**Task to carry out**
Your output should be the lines below from the one with "Tractor Race Simulator" through the one with "Disney Dumbo Baby", copied exactly, pictures excluded.

**The input**
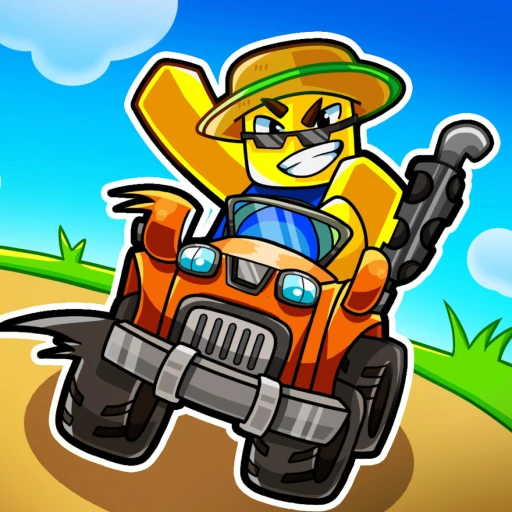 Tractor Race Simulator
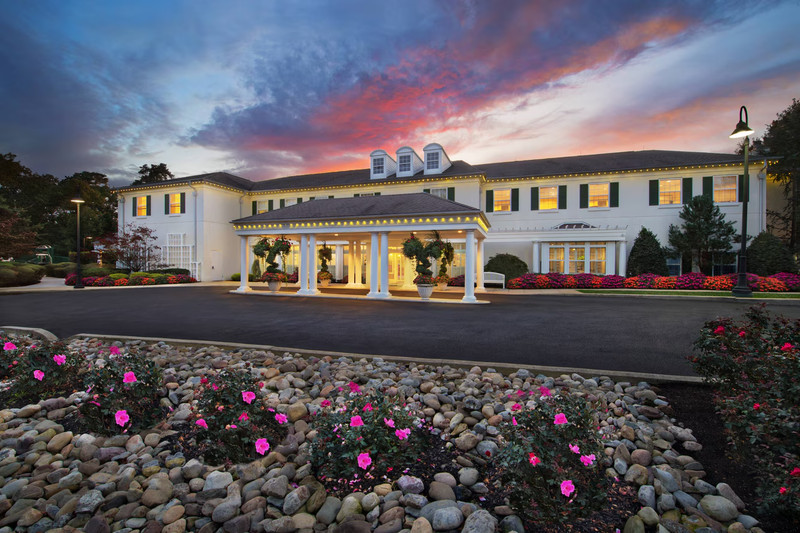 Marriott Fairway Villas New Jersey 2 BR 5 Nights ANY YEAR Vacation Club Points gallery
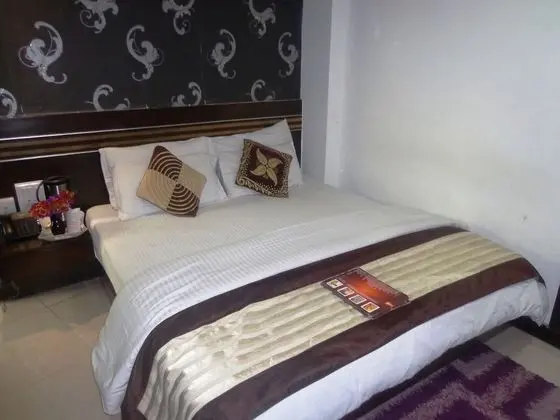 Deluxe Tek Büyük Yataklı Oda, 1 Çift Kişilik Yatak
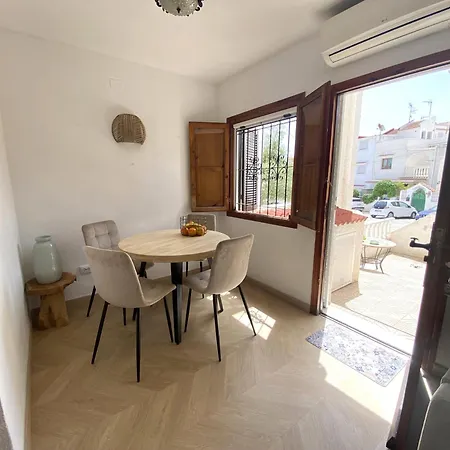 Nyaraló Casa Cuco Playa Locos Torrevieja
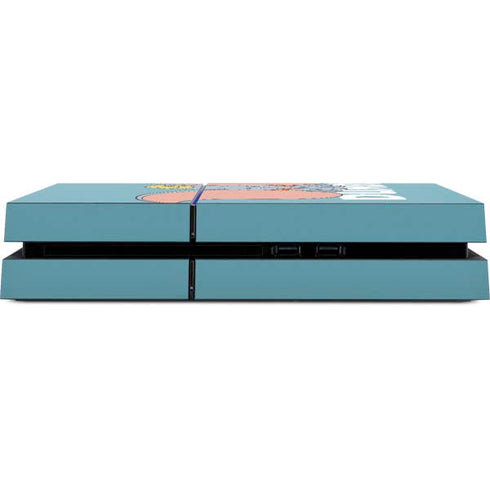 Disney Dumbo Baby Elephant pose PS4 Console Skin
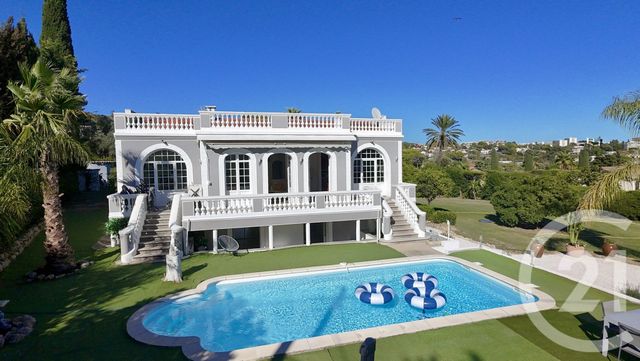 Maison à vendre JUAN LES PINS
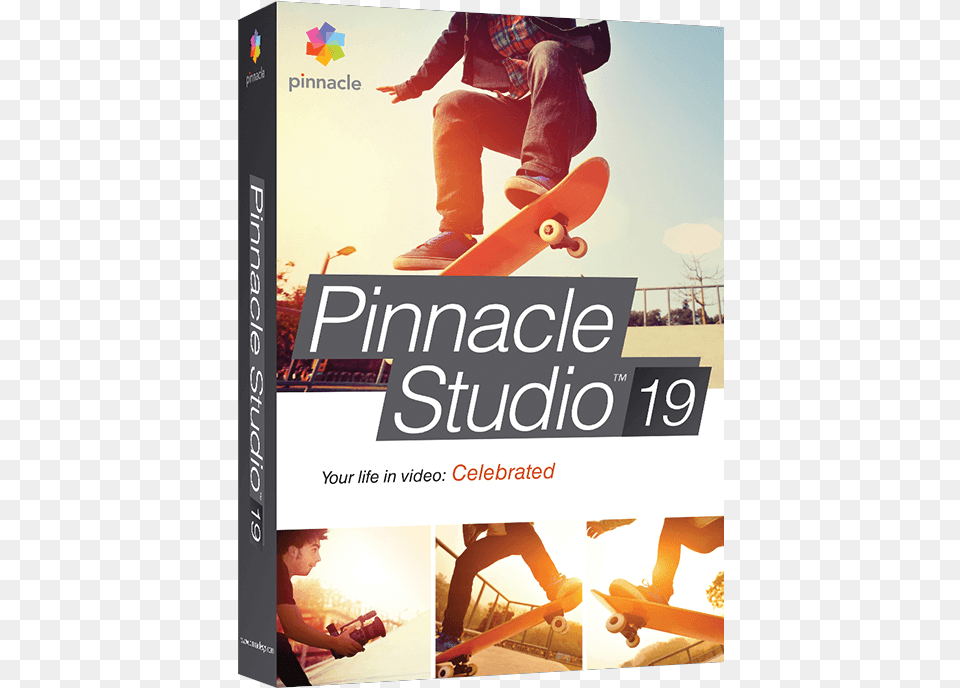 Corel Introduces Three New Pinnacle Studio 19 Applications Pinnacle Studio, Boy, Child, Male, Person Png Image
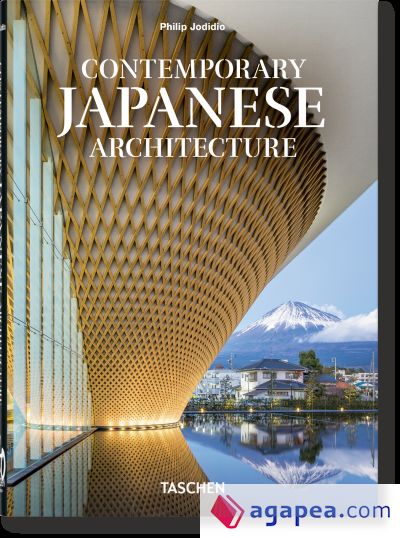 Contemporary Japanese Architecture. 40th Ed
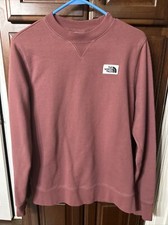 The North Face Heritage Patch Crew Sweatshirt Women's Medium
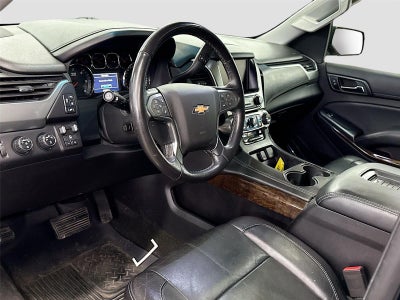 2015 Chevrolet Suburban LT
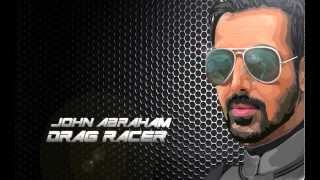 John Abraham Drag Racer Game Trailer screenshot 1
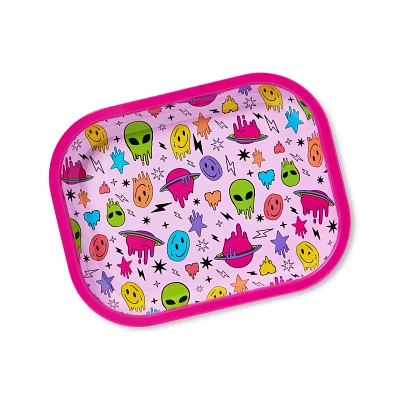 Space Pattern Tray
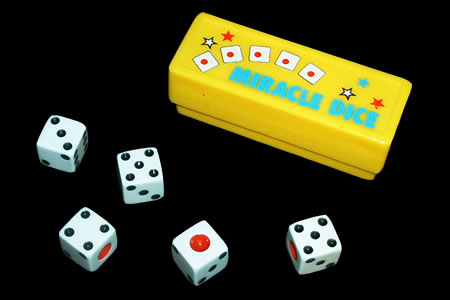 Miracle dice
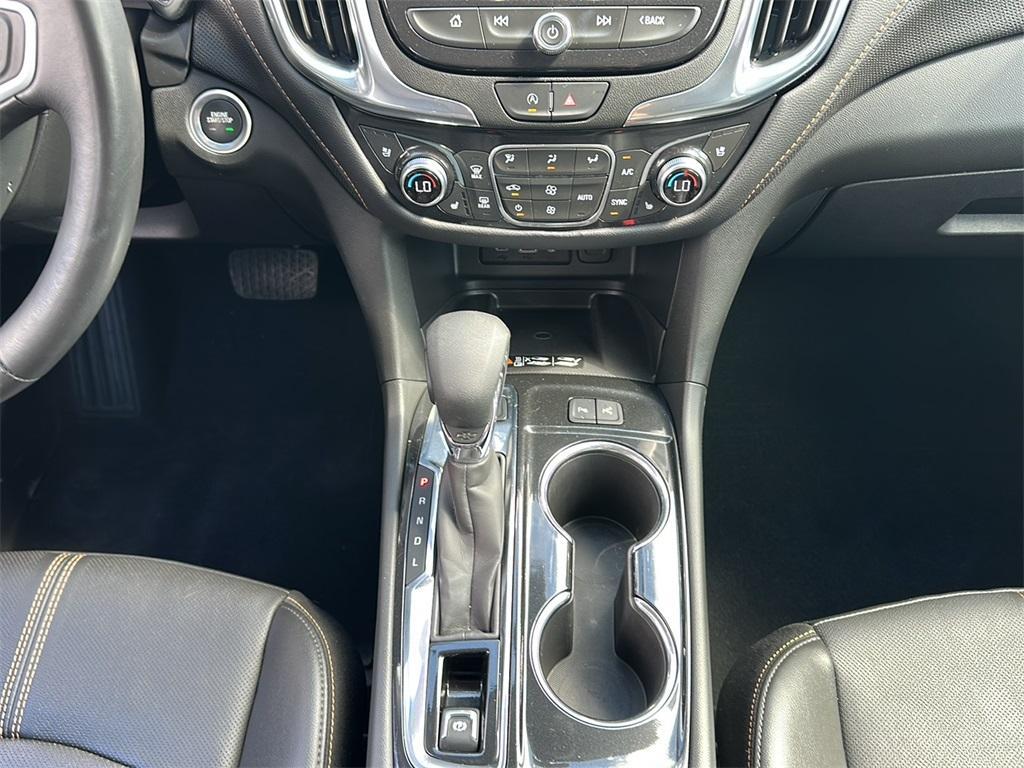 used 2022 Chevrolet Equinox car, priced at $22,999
--
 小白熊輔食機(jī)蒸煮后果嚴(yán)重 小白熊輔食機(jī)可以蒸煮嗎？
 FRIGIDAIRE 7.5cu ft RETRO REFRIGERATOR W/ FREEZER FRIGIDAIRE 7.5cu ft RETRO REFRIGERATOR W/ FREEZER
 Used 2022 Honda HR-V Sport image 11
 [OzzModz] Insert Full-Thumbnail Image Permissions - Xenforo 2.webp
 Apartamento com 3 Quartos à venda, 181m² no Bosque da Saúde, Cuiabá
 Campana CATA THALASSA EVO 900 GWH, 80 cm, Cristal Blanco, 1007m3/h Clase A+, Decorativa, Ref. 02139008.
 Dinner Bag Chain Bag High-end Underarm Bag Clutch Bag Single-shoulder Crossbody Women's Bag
---
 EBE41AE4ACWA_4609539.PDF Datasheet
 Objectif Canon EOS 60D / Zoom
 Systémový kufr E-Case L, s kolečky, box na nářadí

**Solution for this task**
 Tractor Race Simulator
 Marriott Fairway Villas New Jersey 2 BR 5 Nights ANY YEAR Vacation Club Points gallery
 Deluxe Tek Büyük Yataklı Oda, 1 Çift Kişilik Yatak
 Nyaraló Casa Cuco Playa Locos Torrevieja
 Disney Dumbo Baby Elephant pose PS4 Console Skin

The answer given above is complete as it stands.